A loan for $300 million will help finance works in 12 subbasins of the Guaire River that will collect, channel, separate and dispose of sewage. It will also support socio-environmental initiatives to prevent and reduce vulnerability of surrounding communities to flooding and landslides.
A second loan for $100 million will finance improvements in water quality management in communities of 5,000 to 500,000 inhabitants.
During its four-year implementation period, the program will construct and rehabilitate more than 90 kilometers of collectors, build a pumping station in San Pedro, construct 19 sediment retention and flood prevention structures and carry out 22 works for socio-environmental refurbishment and restoration.
"As a result of these development works, the percentage of sewage and waste managed in the 12 subbasins is expected to increase to almost 90%," said Rudi Luis Cressa, IDB team leader.
Studies have shown that in the metropolitan area, over 80% of sewage―mainly domestic but also industrial―is discharged into streams in the Guaire River’s 32 subbasins.
Treatment plants are to be constructed between the start of 2014 and early 2015, once the sewage systems are in place along with infrastructure for collecting, transporting, separating and discharging sewage in the subbasins of the Guaire River.
The project’s goal is to provide sewerage and treatment services for the citizens of the Caracas metropolitan area to improve their living standards and the quality of local water resources.
The project to improve water quality management will focus on the rehabilitation and/or expansion of operational infrastructure in water treatment plants and laboratories as well as measures to strengthen the management of potable water service in the areas of operation, maintenance and quality control.
"This project will help to improve the quality of life for many families living in small and medium-sized cities,” said Cressa.

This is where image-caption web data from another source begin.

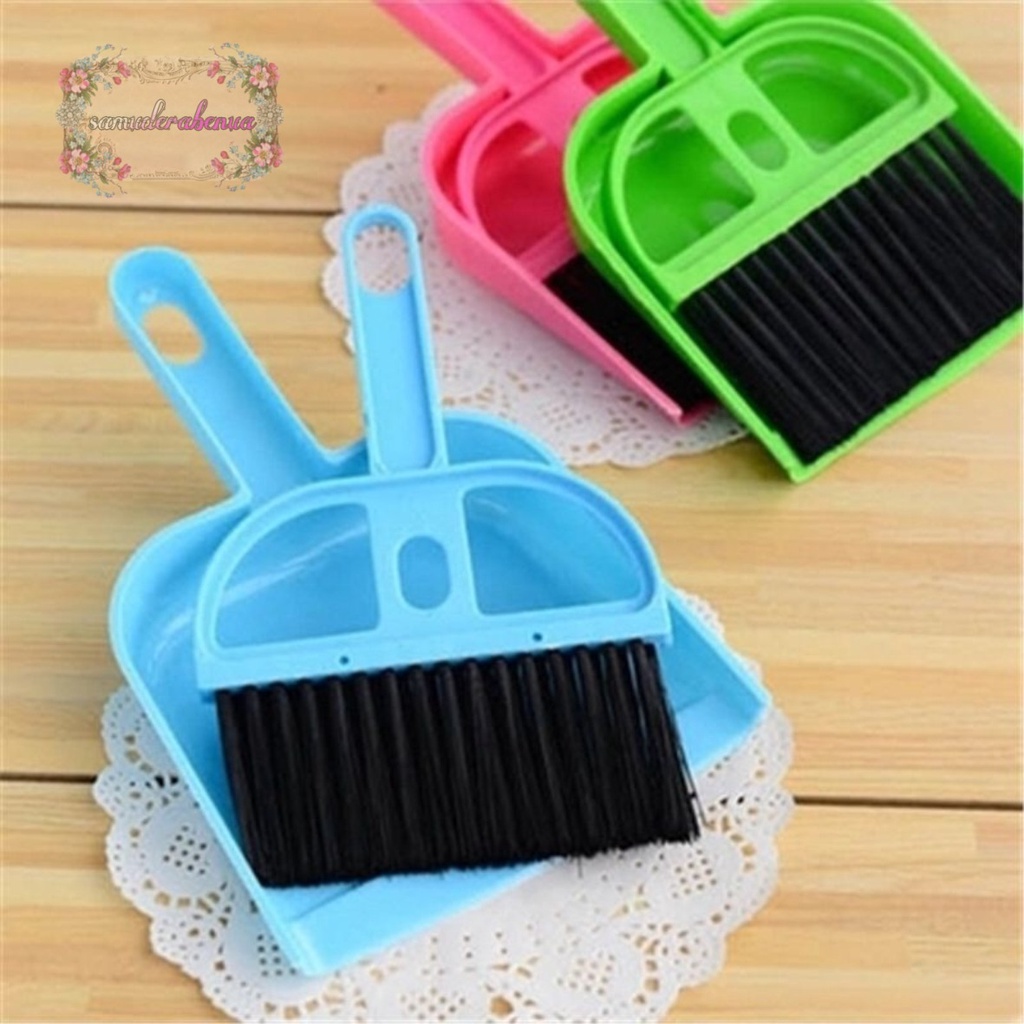 RT66 sapu dan pengki set mini dustpan serok cikrak kecil kebersihan karpet mobil meja laptop SB3442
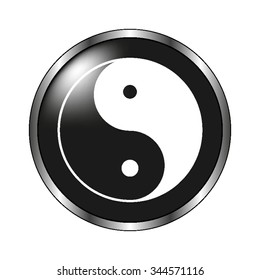 Yin and yang - vector icon; black button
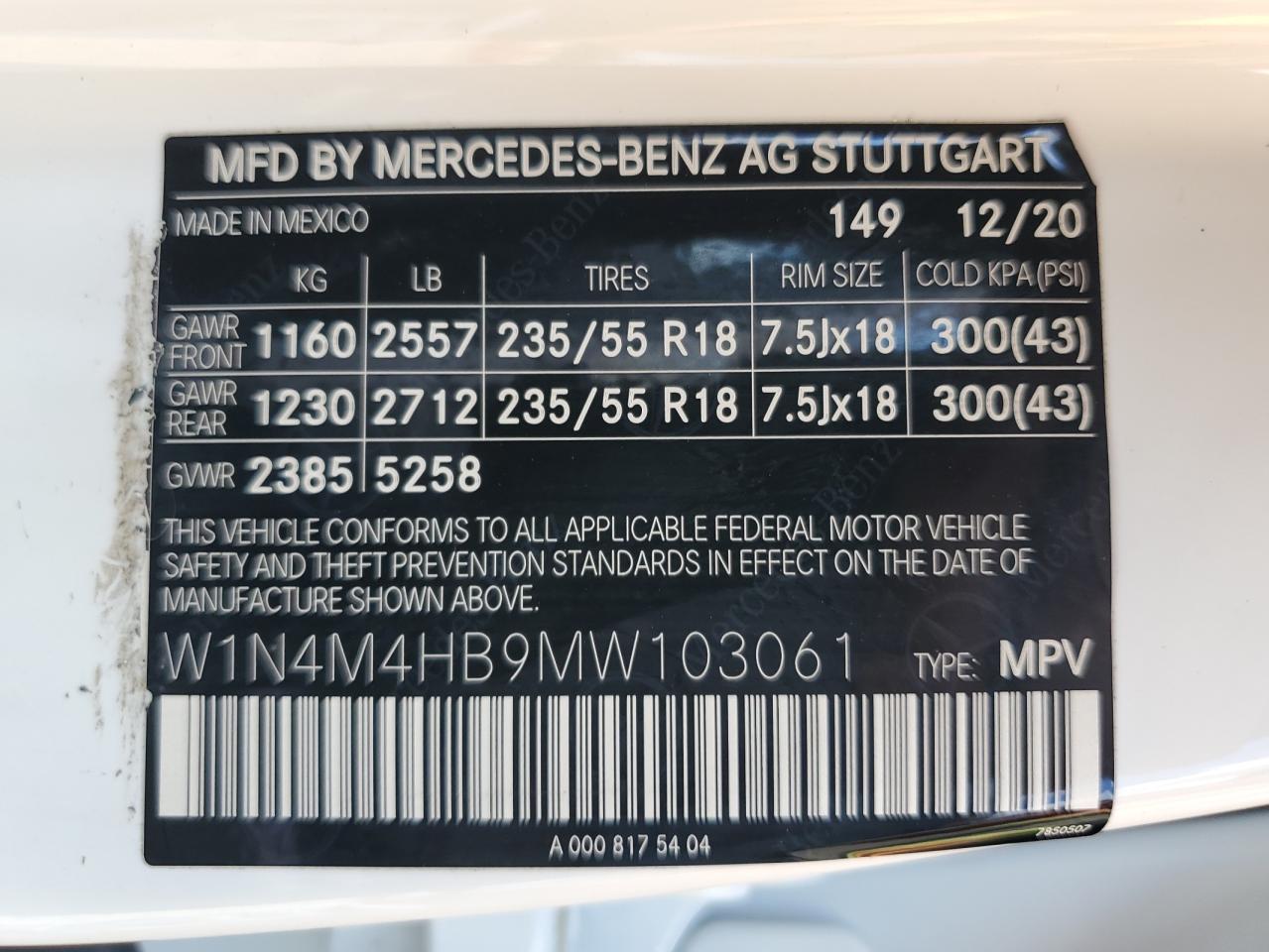 2021 Mercedes-Benz Glb 250 4Matic VIN: W1N4M4HB9MW103061 Lot: 72470234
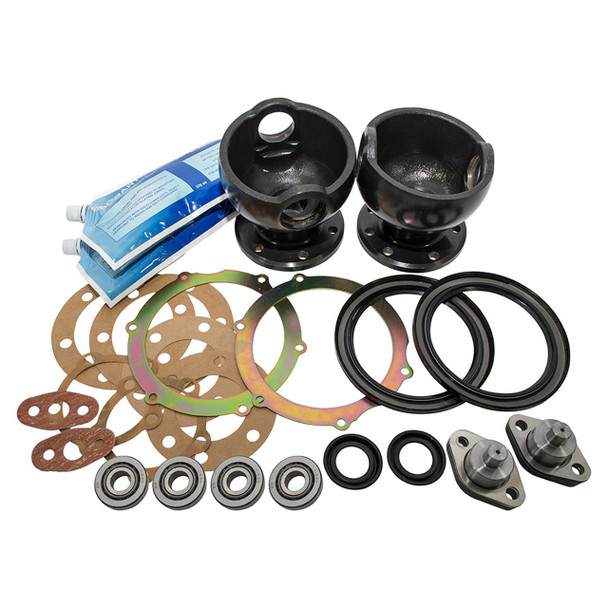 Britpart Castor Full Corrected Swivel Housing Kit for Discovery 1 & Range Rover, automotive parts including swivel housings, gaskets, seals, lubricants, and bearings arranged on a white background.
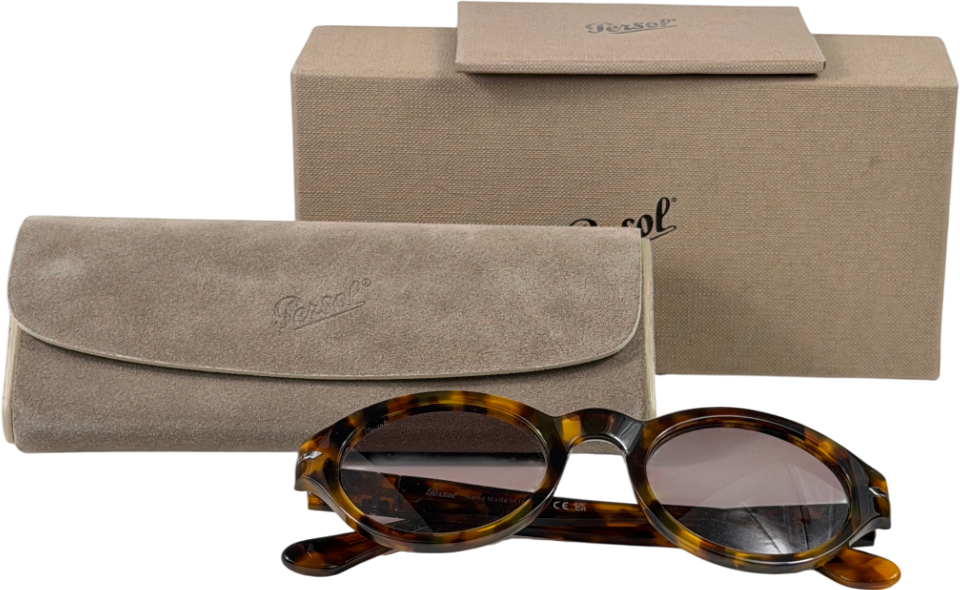 PERSOL Brown Polarised Po3378s - Loris With Havana Sunglasses In Box & Case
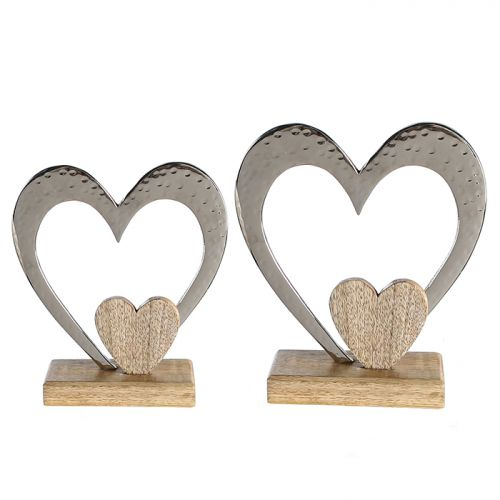 Decoratiune Heart lemn aluminiu 10x7x18 cm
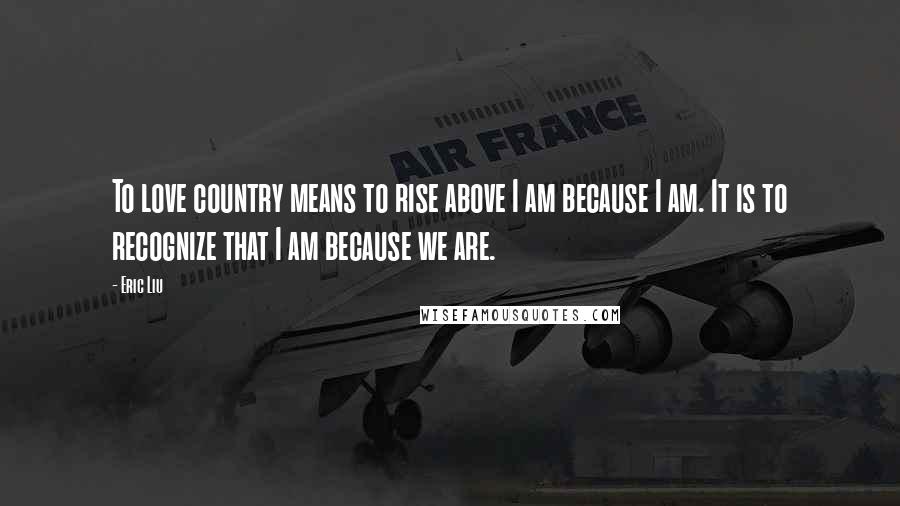 Eric Liu Quotes: To love country means to rise above I am because I am. It is to recognize that I am because we are.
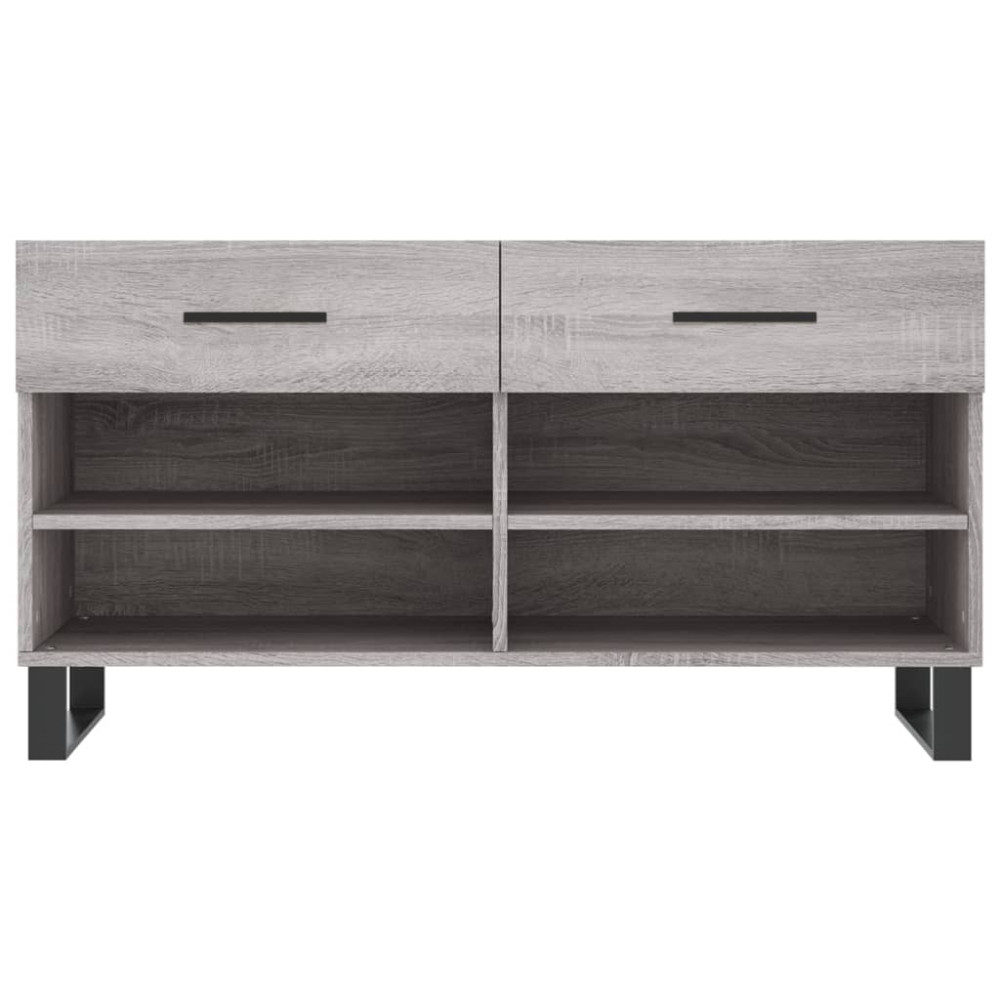 Produktbild för Skobänk grå sonoma 102x35x55 cm konstruerat trä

The project will benefit some 1.4 million inhabitants of towns and cities of between 5,000 and 500,000 population.
The project aims to rehabilitate and/or expand 18 water treatment plants, equip and placing into service 40 quality control laboratories in different regions of the country, and carry out 70 training workshops in the areas of operation, maintenance and quality control of water treatment plants.
These loans will contribute to the country's strategy to maintain and improve potable water access and quality of drinking water and provide sanitation for all its population.
Both loans have 25-year terms, with five and one-half-year grace periods and variable interest rates based on Libor. The government will provide counterpart funding of $70 million for the Guaire River sanitation project and $42 million for the water quality management project.